Côté plaisir encore et pour parodier la phrase de Georges Clémenceau : « Le plus beau moment de l’amour, c’est quand on monte l’escalier », arrive le moment des reconnaissances des spéciales pour ceux qui en ont le temps et les moyens. Des recos prises généralement sur le temps des vacances. Là encore il faut arriver soit à faire partager sa passion, soit tout simplement convaincre sa moitié d’accepter de réduire le temps passé sur la plage au profit d’une escapade bucolique et champêtre dans nos plus belles régions de France. Ce n’est pas toujours gagné d’avance et ne peut se faire parfois qu’au prix de vraies futures vacances âprement négociées…
Enfin l’heure approche, la tension monte. Les sacs, les caisses, les équipements moto, les jerrycans commencent à envahir une partie de la maison ou de l’appartement alors, qu’enfin, les roadbooks sont mis en ligne. Enfin pas tous, d’autres seront donnés sur place la veille au soir de l’étape… Et là commence alors une autre épreuve, merci Mr Bournisien (David Bournisien étant l’homme, que dis-je le « sadique », qui conçoit et concocte ces roadbook de folie pour le compte du Moto Tour). Munis de ciseaux, de massicot pour les habitués, de scotch, de beaucoup de scotch, il faut alors couper en deux les feuilles A4 pleines de notes ou de signes cabalistiques pour tout profane.
Reste à les coller l’une derrière l’autre dans le sens de la longueur en prenant bien soin au passage de repérer et de mettre un coup de stabylo sur les stations-service identifiées pour, au final, faire un très long rouleau de papier que l’on accrochera ensuite, chaque soir précédent l’épreuve suivante, sur son lecteur de roadbook rétroéclairé. Bon certain aujourd’hui, appartenant à la génération des geeks, se targuant d’utiliser les derniers outils de la technologie moderne font l’acquisition de tablettes lectrices de roadbook leur épargnant ainsi cette tâche fastidieuse. Plus de papier donc, plus de ciseaux, pas de scotch, plus d’heures à transpirer sur les rouleaux mais…gare aux pannes informatiques ou aux problèmes d’alimentation en courant.

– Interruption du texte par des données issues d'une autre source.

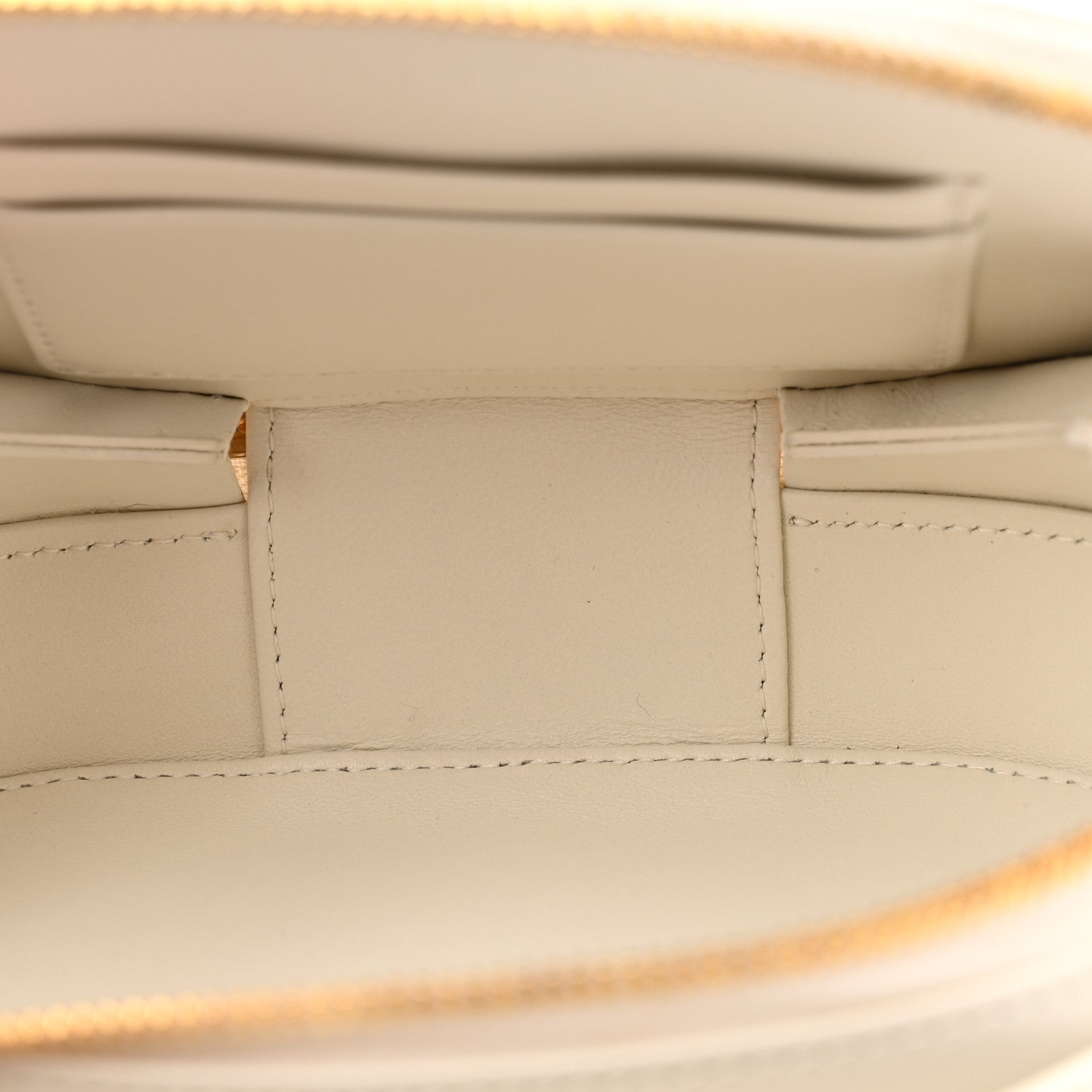 Christian Dior Calfskin CD Signature Oval Crossbody Camera Bag Latte 5 of 12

Enfin cette fois-ci c’est le grand jour, ou tout au moins la veille du départ, le jour où l’on se retrouve tous pour faire examiner et valider sa moto et son équipement. Le jour où la tension est à son paroxysme mais aussi celui où l’on retrouve, un an après, tous ces copains de galère ou de plaisir de l’aventure précédente. Ce jour-là on comprend que le Moto Tour fait tout oublier et est donc une raison de vivre, d’attendre, une véritable drogue en fait dont on devient, au fil des années, totalement dépendant. Un moment privilégié où l’on en « chie », où l’on est prêt à tout envoyer balader se promettant de ne plus jamais y remettre les pieds mais avec, ensuite, une seule idée toute l’année, celle d’y retourner.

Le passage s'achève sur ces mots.